Kamis, 09 Maret 2017

Generasi Surat-menyurat VS Generasi Whatsapp



Beberapa waktu yang lalu saya menerima surat dari sebuah instansi. Salah satu hal yang menarik perhatian saya selain isi dari surat itu adalah kertas kecil dengan motif bergambar yang menempel di pojok kanan atas amplop itu.

Kami yang lahir di tahun 90’an sepakat menyebut kertas itu sebagai perangko. Nama yang sudah jarang sekali saya dengar di era sekarang. Saking lamanya istilah itu tidak terdengar dalam percakapan manusia modern sampai-sampai ibu saya kesulitan membedakan mana Perangko mana Materai. Terlebih Materai sekarang juga macam-macam jenisnya, harganya, dan kekuatan hukumnya. Harap maklum jika beliau kesulitan membedakannya. Mungkin karena bukan Perangko ataupun Materai yang saat ini beliau butuhkan; tapi mantu.

Apa sih !

Perangko yang menempel di amplop itu membuat saya beberapa saat terdiam. Lalu dengan hati-hati mencoba melepasnya.  Saat saya sedang bersusah payah melepas perangko itu, tiba-tiba pikiran saya berputar jauh ke masa lalu. Ke sebuah masa dimana saya kecil yang sejatinya memiliki gaya hidup urakan, liar, dan lepas kendali, ternyata memiliki hobi yang sangat bermartabat; koleksi perangko. Imut sekali bukan.

Imutnya sama kayak cowok yang badannya gede, tatoan, rambutnya gondrong, tapi hobinya nonton drama korea Goblin. Apa-apaan !

Well, saya suka mengoleksi perangko gara-gara waktu itu rumah saya sering dijadiin transit surat menyurat untuk orang-orang di sekitar.
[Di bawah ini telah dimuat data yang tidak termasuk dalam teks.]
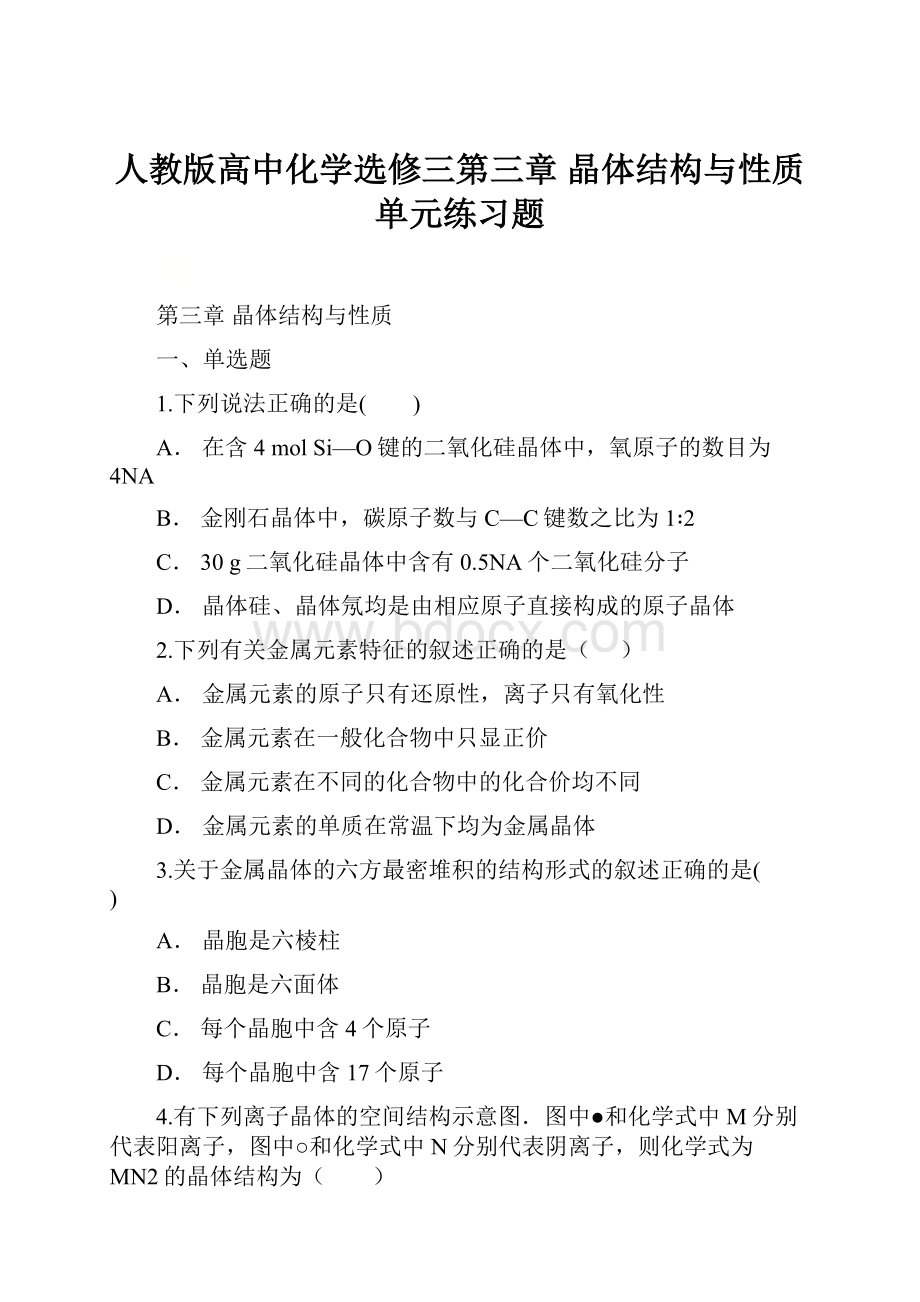 人教版高中化学选修三第三章 晶体结构与性质单元练习题.docx_第1页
Udah kayak kantor pos aja ni rumah. Saya sangat tertarik, karena perangko memiliki berbagai macam gambar. Alhasil, jadilah saya kumpulkan dan tempelkan satu per-satu perangko di buku khusus.

Jika dulu anak-anak sekelas di SD ditanyain apa hobinya ? Mayoritas anak-anak cowok bakal menjawab; main bola ! Sedangkan anak-anak cewek akan menjawab; main boneka ! Maka waktu itu saya jadi pembeda, saya jawab; koleksi perangko !

Tsaaah... semuanya melongo. Saya nelen ludah. Pahit. Gak ada yang percaya.

Oke, mungkin level fanatisme saya sebagai kolektor perangko belum sampai level garis keras. Iya, garis keras – adalah mereka yang mengoleksi perangko lebih dari sekedar motif dan gambarnya saja, tapi juga memerhatikan diameter porforasi perangko. EDAN ! Mereka percaya perangko dengan detail ukuran porforasi tertentu bisa bernilai fantastis secara materil. Bagaimanapun juga waktu itu saya adalah anak SD, saya tidak mungkin mikir sejauh itu. Dulu... mikirin bagaimana caranya bikin rambut belah tangah yang berimbang aja dah pusing. 

Lalu apa inti dari postingan ini ?

Simpel, saya kangen era itu. Melihat perangko sebagai saksi sejarah atas sistem komunikasi yang sangat sederhana, jujur, dan apa adanya. Bagaimana bisa dulu orang sekedar menanyakan kabar melalui surat, lalu baru akan mendapatkan balasannya seminggu, sebulan, atau bahkan setahun kemudian. Tanpa pernah ia tahu saat surat itu diterima, bisa saja yang mengirim surat sedang sekarat.

Bagaimana bisa dulu sepasang kekasih yang dipisahkan oleh jarak bisa bertahan. Sedangkan kerinduan seakan sudah tidak bisa dibendung lagi. Seolah berusaha menjaga kepercayaan dengan menulis surat cinta untuk kekasih di lain kota, tanpa pernah tahu sebenarnya sekarang kekasihnya benar-benar masih mencintainya atau diam-diam sudah menemukan sandaran hati yang lain.

Terpujilah... mereka yang bertahan melalui masa-masa sesulit itu.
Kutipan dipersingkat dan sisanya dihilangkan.